• Your task
From the first line down to the line containing "1508 9th St SW, Minot, ND 58701", print the records below exactly, leaving every picture out.

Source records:
######

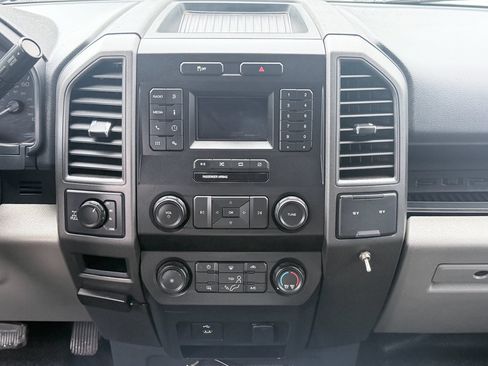 Used 2022 Ford F250 XL w/ Power Equipment Group AWD/4WD image 18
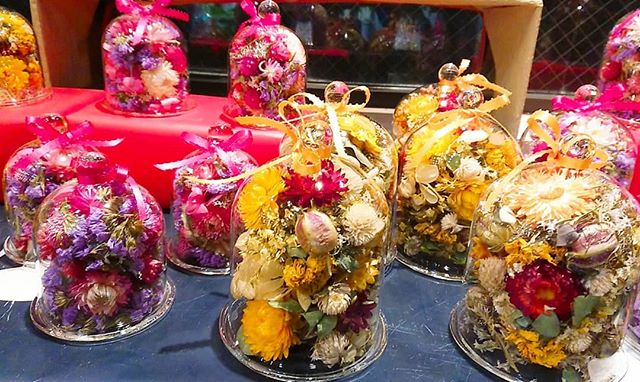 .モンソーフルール自由が丘本店です！..本日はたくさん投稿してしましましたが皆様ご覧頂けましたでしょうか？..こちらは新商品のガラスドライドームです🥀..プレゼントにはもちろん、ご自宅に飾っていただいても可愛らしいお部屋になること間違いなしです️..#monceaufleurs  #monceau #モンソーフルール #自由が丘 #花 #flowers #flower #花屋 #flowershop #花のある暮らし  #花のある生活  #fleurs  #flowerstagram #flowerdesign  #ドライフラワー #ガラスドライドーム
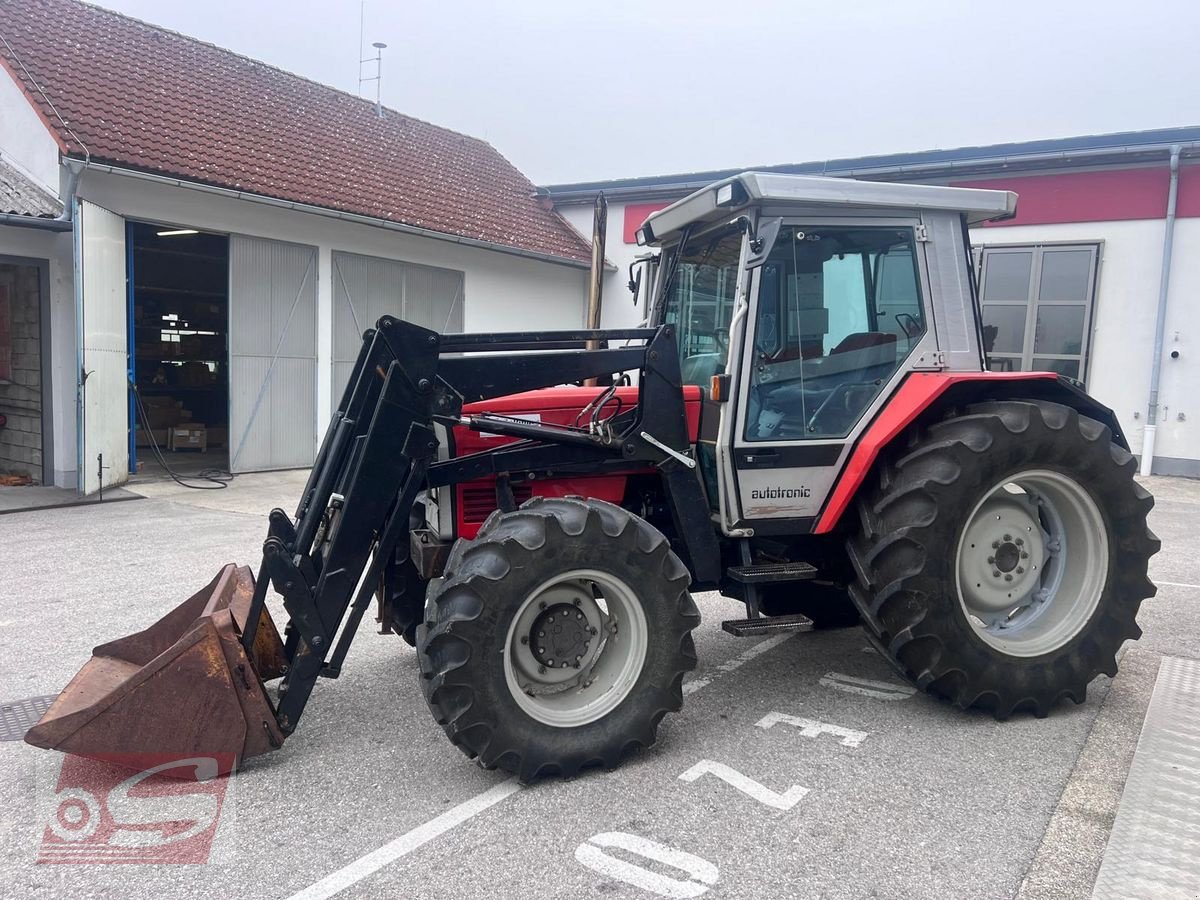 Traktor от тип Massey Ferguson 3065-4 Special, Gebrauchtmaschine в Offenhausen (Снимка 10)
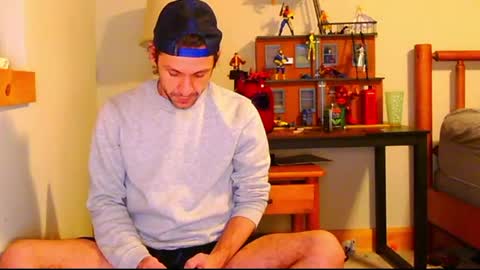 Fan Friction online show from December 20, 1:25 am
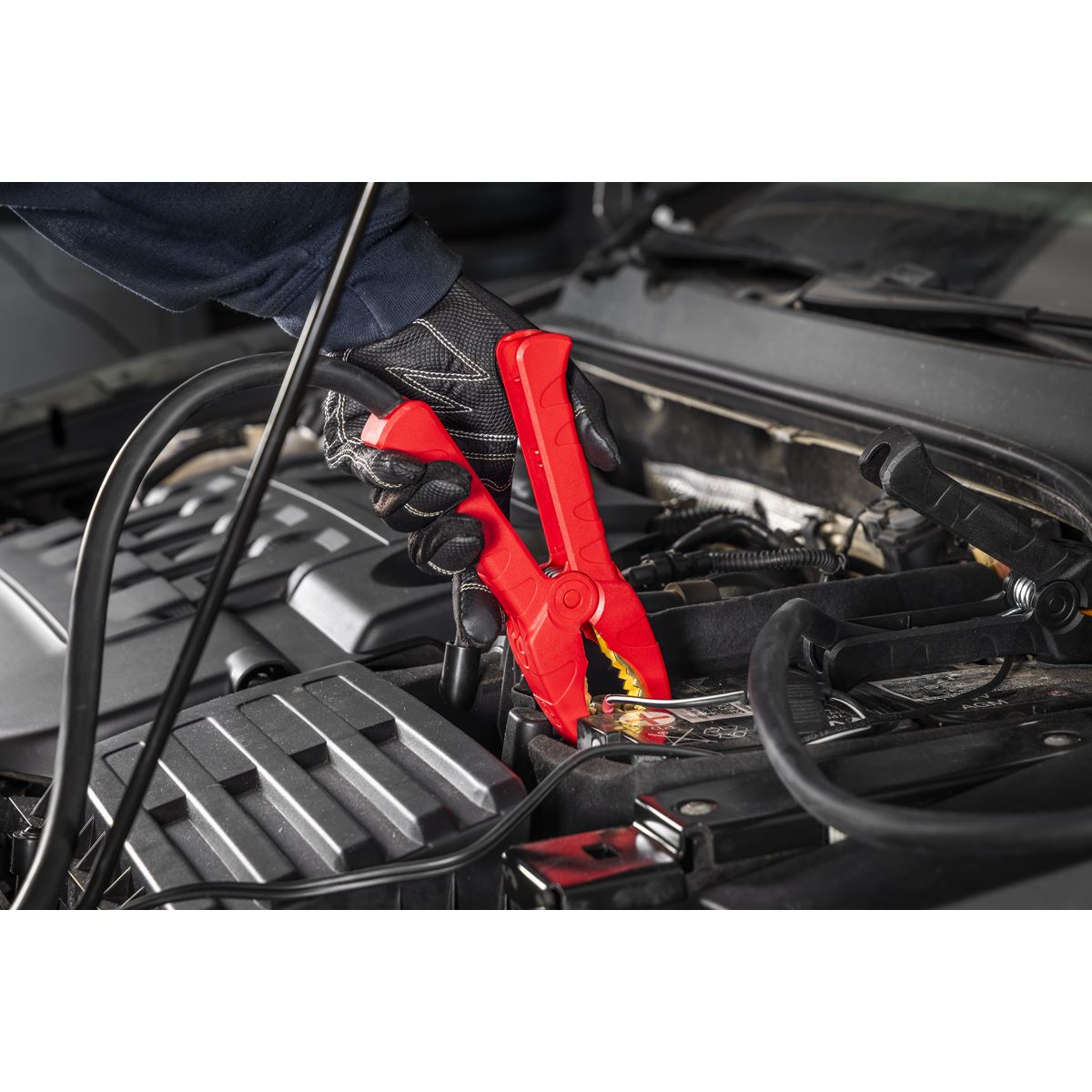 Sealey Premier 12/24V RoadStart Jump Starter 4400A Peak Amps USB Outlet PRS4400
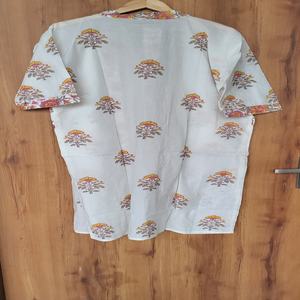 Kimono de Algodón Azul con Diseño Floral Antiguo, Tallas Grandes, Estampado Floral a Mano, Ropa de Estar por Casa, Disponible a Precio de Mayoreo - Product Image 4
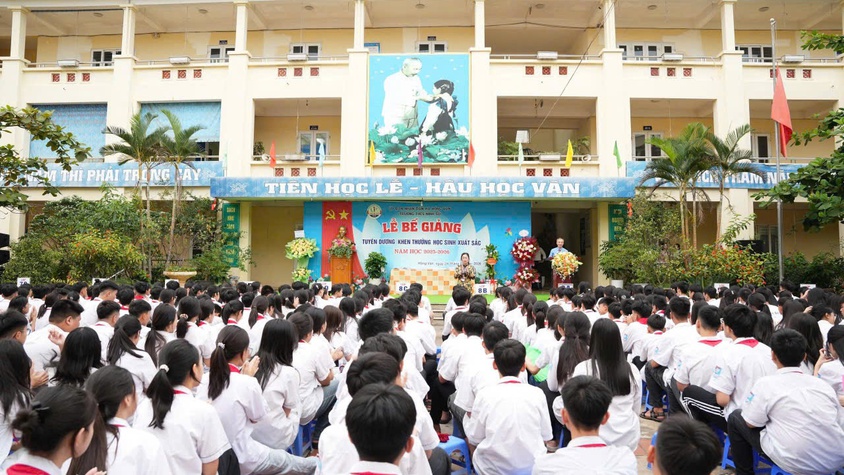 Trường THCS Ninh Sở tổ chức lễ tổng kết năm học 2025 - 2026 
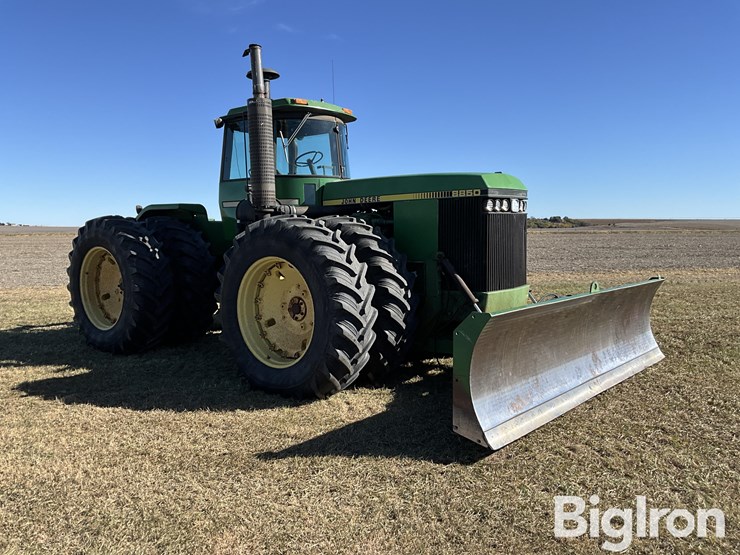 1982-john-deere-8850-image-3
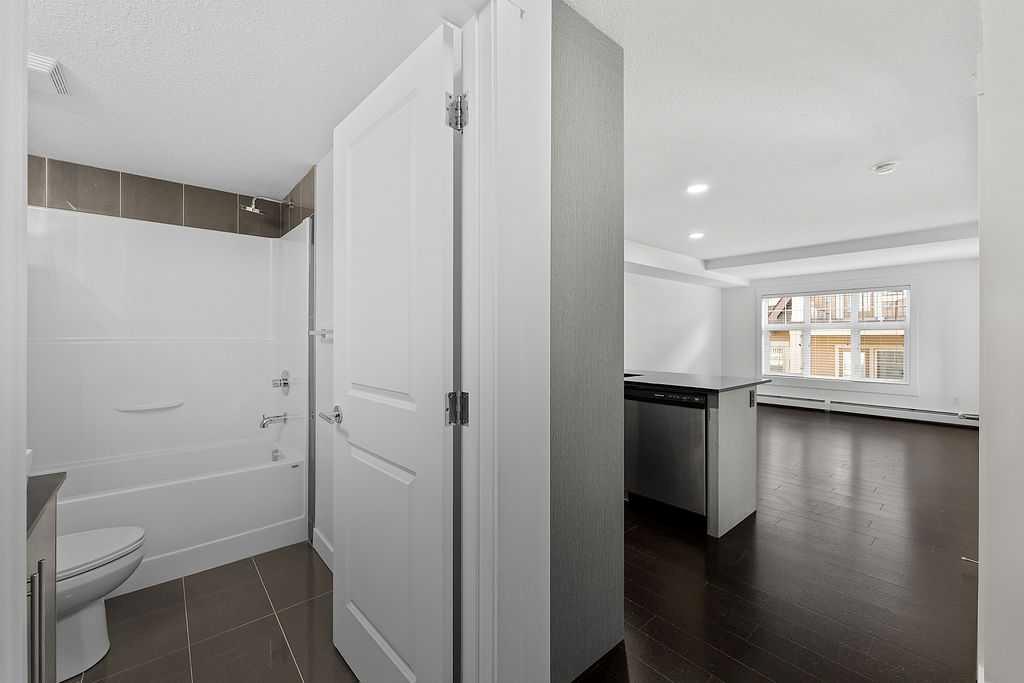 Picture for 2408, 11 Mahogany Row SE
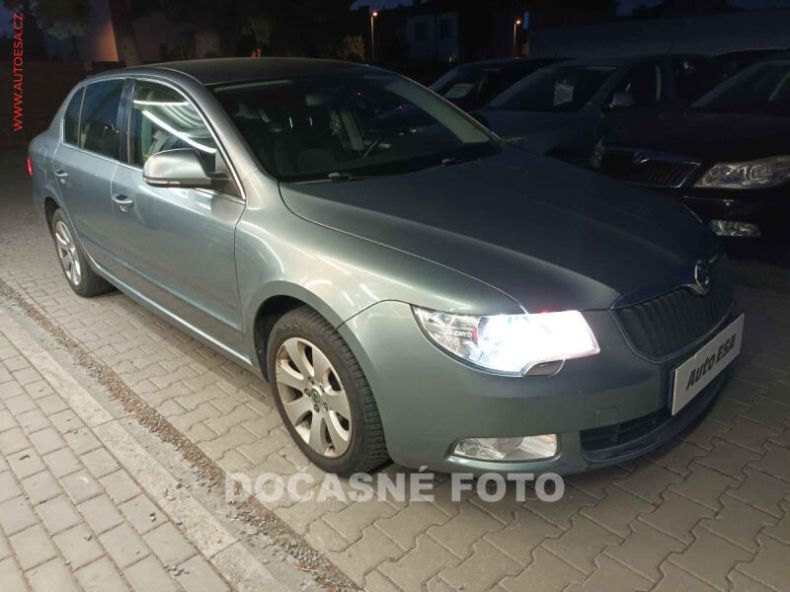 Škoda Superb - hlavní fotka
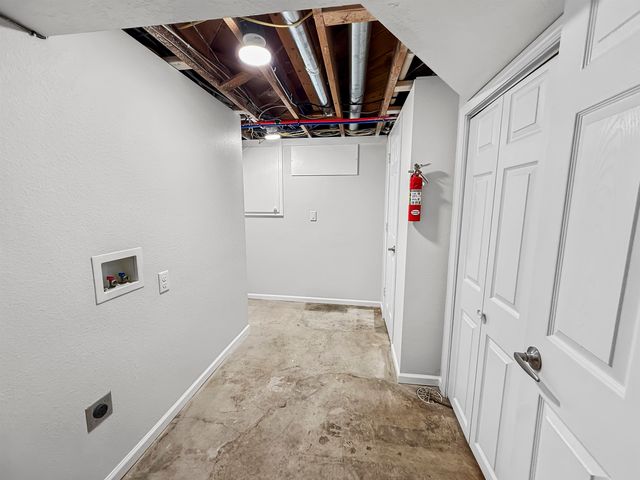 1508 9th St SW, Minot, ND 58701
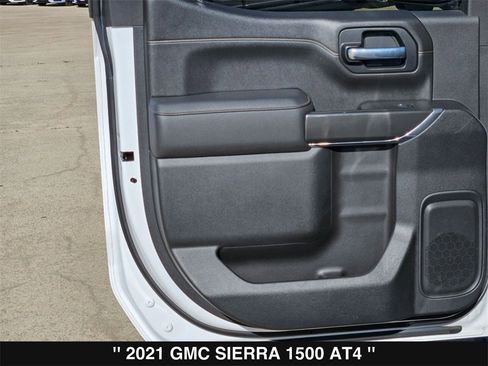 Used 2021 GMC Sierra 1500 AT4 w/ AT4 Premium Package image 18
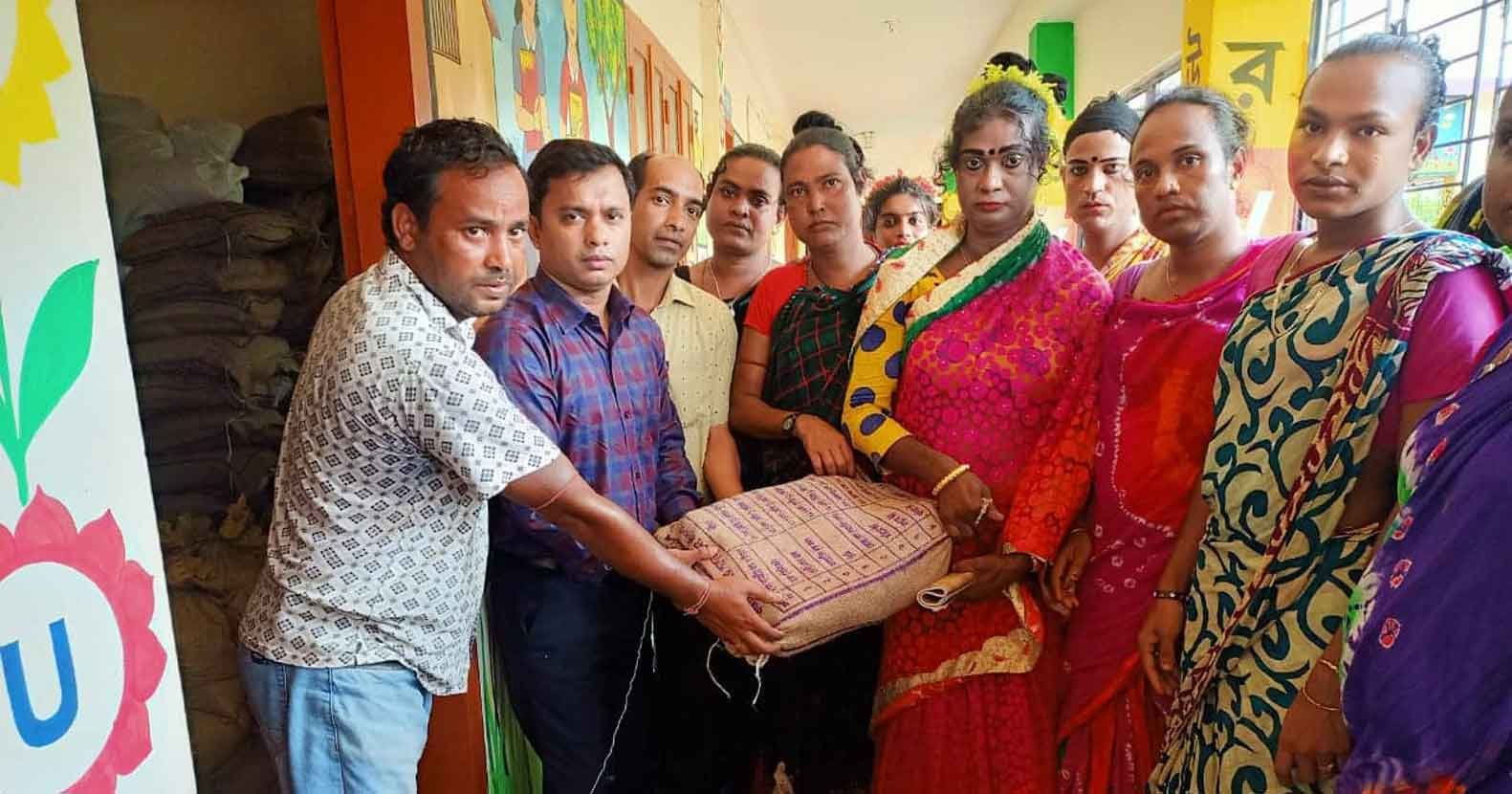নবীগঞ্জে হিজড়া সম্প্রদায়ের মাঝে প্রশাসনের ত্রান বিতরণ নবীগঞ্জে হিজড়া সম্প্রদায়ের মাঝে প্রশাসনের ত্রান বিতরণ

######

• Response to this exercise
 Used 2022 Ford F250 XL w/ Power Equipment Group AWD/4WD image 18
 .モンソーフルール自由が丘本店です！..本日はたくさん投稿してしましましたが皆様ご覧頂けましたでしょうか？..こちらは新商品のガラスドライドームです🥀..プレゼントにはもちろん、ご自宅に飾っていただいても可愛らしいお部屋になること間違いなしです️..#monceaufleurs  #monceau #モンソーフルール #自由が丘 #花 #flowers #flower #花屋 #flowershop #花のある暮らし  #花のある生活  #fleurs  #flowerstagram #flowerdesign  #ドライフラワー #ガラスドライドーム
 Traktor от тип Massey Ferguson 3065-4 Special, Gebrauchtmaschine в Offenhausen (Снимка 10)
 Fan Friction online show from December 20, 1:25 am
 Sealey Premier 12/24V RoadStart Jump Starter 4400A Peak Amps USB Outlet PRS4400
 Kimono de Algodón Azul con Diseño Floral Antiguo, Tallas Grandes, Estampado Floral a Mano, Ropa de Estar por Casa, Disponible a Precio de Mayoreo - Product Image 4
 Trường THCS Ninh Sở tổ chức lễ tổng kết năm học 2025 - 2026 
 1982-john-deere-8850-image-3
 Picture for 2408, 11 Mahogany Row SE
 Škoda Superb - hlavní fotka
 1508 9th St SW, Minot, ND 58701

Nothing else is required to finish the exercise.